### EXERCISE OBJECTIVE
From the line that holds "2000 Island Boulevard Aventura FL 33160" to the end of the records, reproduce every line exactly. No pictures.

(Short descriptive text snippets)
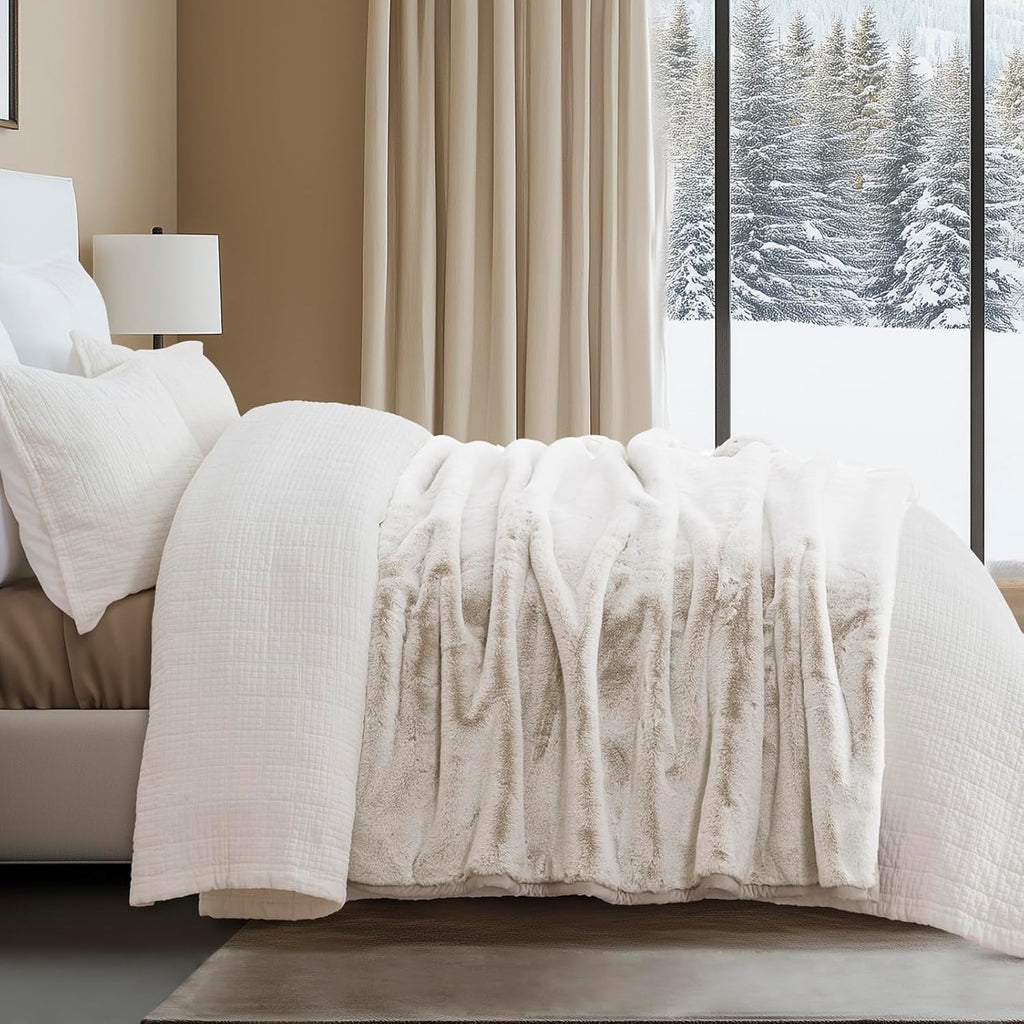 Mink Faux Fur Throw Blanket, Tipped Champagne Ivory, 50"x60" | Ultra Soft, Luxury Fluffy Mink, Reversible Design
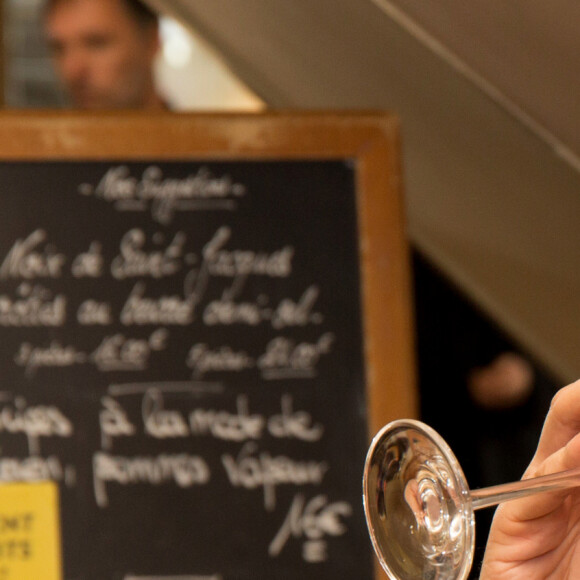 Exclusif - Cyril Lignac - Mois des produits Tripiers à Paris dans le restaurant de Christian Constant à Paris le 3 novembre 2015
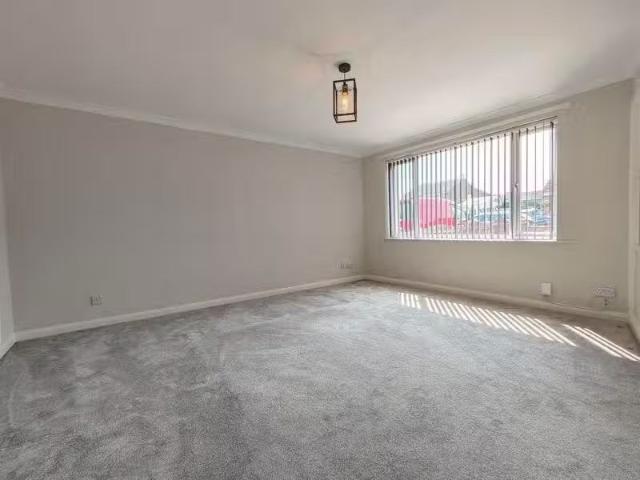 Cozy 3 bedroom semi detached house for rent in Castlesteads Dr.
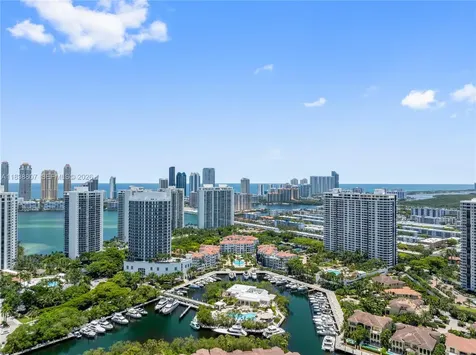 2000 Island Boulevard Aventura FL 33160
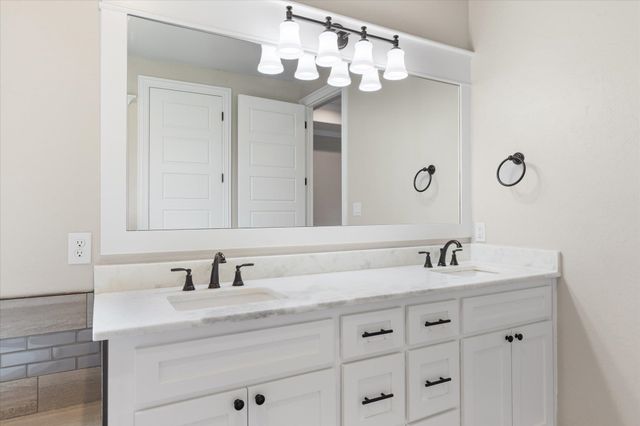 230 Saddle Brook Circle, Hallsville, TX 75650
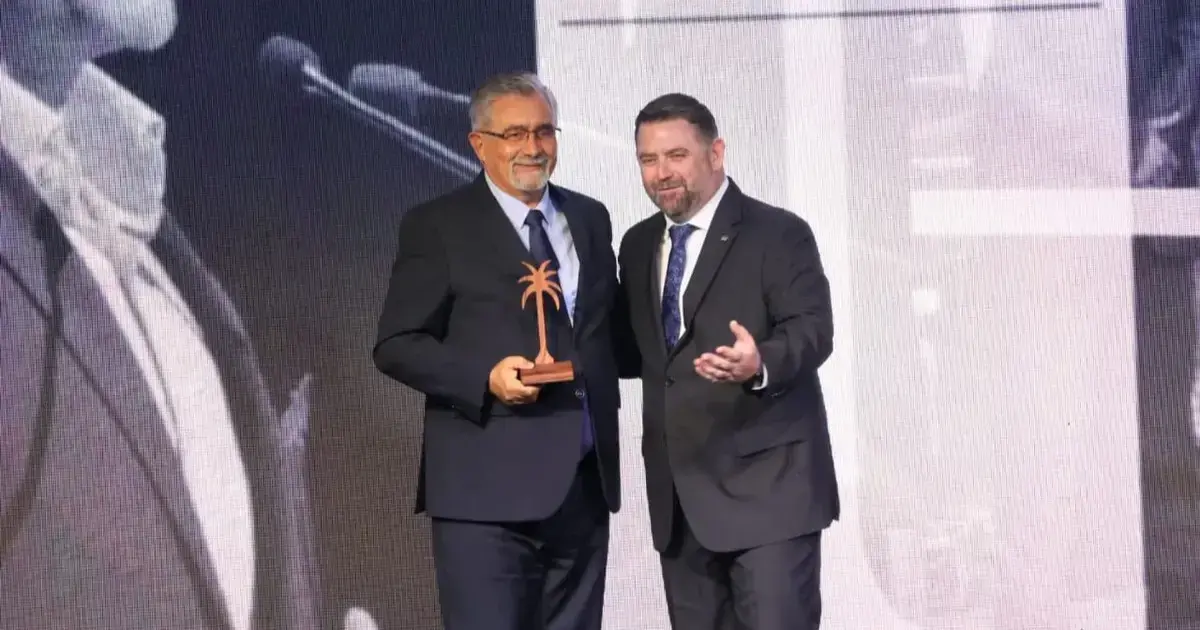 Un asistente recibe un reconocimiento durante el acto en el salón Chané.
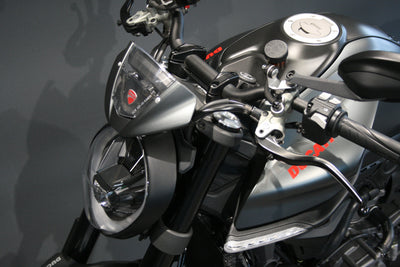 DUCATI MONSTER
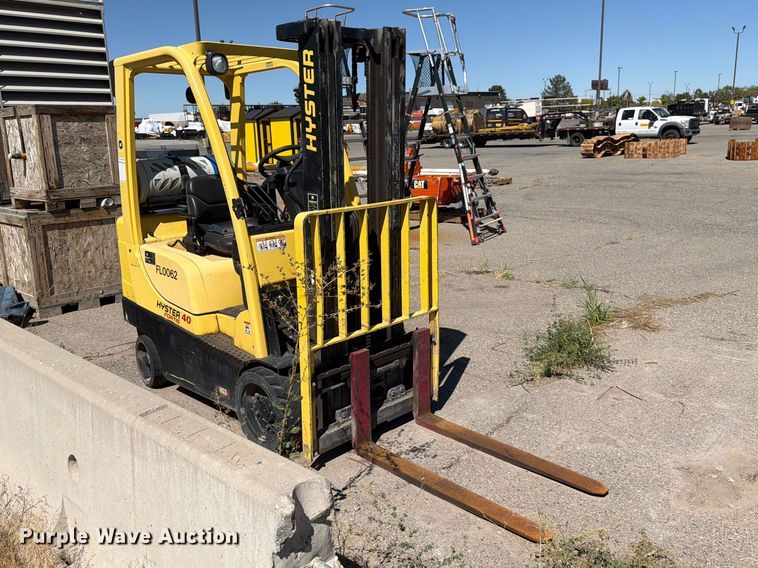 image for item FK4616 2012 Hyster S40FTS forklift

### TASK RESPONSE
 2000 Island Boulevard Aventura FL 33160
 230 Saddle Brook Circle, Hallsville, TX 75650
 Un asistente recibe un reconocimiento durante el acto en el salón Chané.
 DUCATI MONSTER
 image for item FK4616 2012 Hyster S40FTS forklift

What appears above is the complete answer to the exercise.